The top glass price of the series was neither British nor Venetian inspired, however, but an early French piece - the 14 1/2in (36cm) high portrait medallion of Louis XIV pictured here. Not the most
aesthetically attractive entry, but of undeniable academic importance, this was made at Bernard Perrot's 17th century glasshouse at Orleans and is one of a group of eight such recorded portrait medallions of Louis XIV. It is thought that these medallions date from the ten-year period that Perrot spent petitioning for his invention of casting a thick layer of glass into a metal mould to produce relief figures, busts, medals and armorials, before he was granted a manufacturing licence on September 25, 1687. Several of the group have suspension loops, elements of gilding, enamel decoration or mirrored grounds and the plaques may have been displayed suspended in a window or hung on a wall.

Sotheby's newly-discovered example was unusual for the extent of its somewhat crude colour enamelling, but information given by the vendor after the catalogue went to press threw interesting light on the decoration and provenance.

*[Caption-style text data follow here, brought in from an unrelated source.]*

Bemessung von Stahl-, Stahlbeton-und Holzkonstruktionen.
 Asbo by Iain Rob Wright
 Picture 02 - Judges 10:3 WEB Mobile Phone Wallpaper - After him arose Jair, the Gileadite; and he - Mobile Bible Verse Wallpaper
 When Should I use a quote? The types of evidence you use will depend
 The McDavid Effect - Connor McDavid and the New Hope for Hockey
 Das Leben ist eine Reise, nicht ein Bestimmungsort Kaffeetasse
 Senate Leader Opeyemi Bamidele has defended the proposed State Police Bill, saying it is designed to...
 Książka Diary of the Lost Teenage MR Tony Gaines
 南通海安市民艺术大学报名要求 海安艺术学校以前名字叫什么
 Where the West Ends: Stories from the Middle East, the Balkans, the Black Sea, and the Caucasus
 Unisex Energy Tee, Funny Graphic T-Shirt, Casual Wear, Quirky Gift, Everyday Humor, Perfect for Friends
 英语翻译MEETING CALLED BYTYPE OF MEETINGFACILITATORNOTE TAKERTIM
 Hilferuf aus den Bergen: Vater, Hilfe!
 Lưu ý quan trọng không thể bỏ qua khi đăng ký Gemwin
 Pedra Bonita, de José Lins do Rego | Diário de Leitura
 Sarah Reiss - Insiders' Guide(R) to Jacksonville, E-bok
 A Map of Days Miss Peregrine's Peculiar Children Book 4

The medallion was acquired by the vendor's father in China in the first half of the 20th century and it is now believed to have been presented by Perrot to the Ambassador of the King of Siam during the King's famous visit to Paris in 1686. It comes with a late 17th century carved wood stand bearing the Siamese monarch's dragon and amphitrite symbols. The 'clobbered' enamelling was probably done later when the piece reached Thailand, a theory reinforced by features such as its similarity to Oriental lacquerwork and the uniform colour covering Louis' flowing locks and the folds of his cloak and the use of green rather than yellow for the Sun King's emblem, features suggesting that the decoration was not executed by someone familiar with this Western subject.

The auctioneers deemed the new information sufficiently important to merit an increase in the original estimate from £30,000-40,000 to £40,000-60,000. In the event, the plaque reached the lower end of the revised guideline, the £40,000 price paid over the telephone. The buyers were the Corning Museum of Glass. "We were thrilled to acquire it," Corning's executive director David Whitehouse told the Antiques Trade Gazette last week. The Corning Museum already has one of the extant Perrot portrait plaques, a clear glass example with traces of gilding. Of his new acquisition with its Royal Siamese provenance Dr Whitehouse said, "It is a quite extraordinary 17th century meeting of east and west. Such things are incredibily rare," adding that, for the Corning's international audience of visitors, the object has a remarkably interesting story to tell.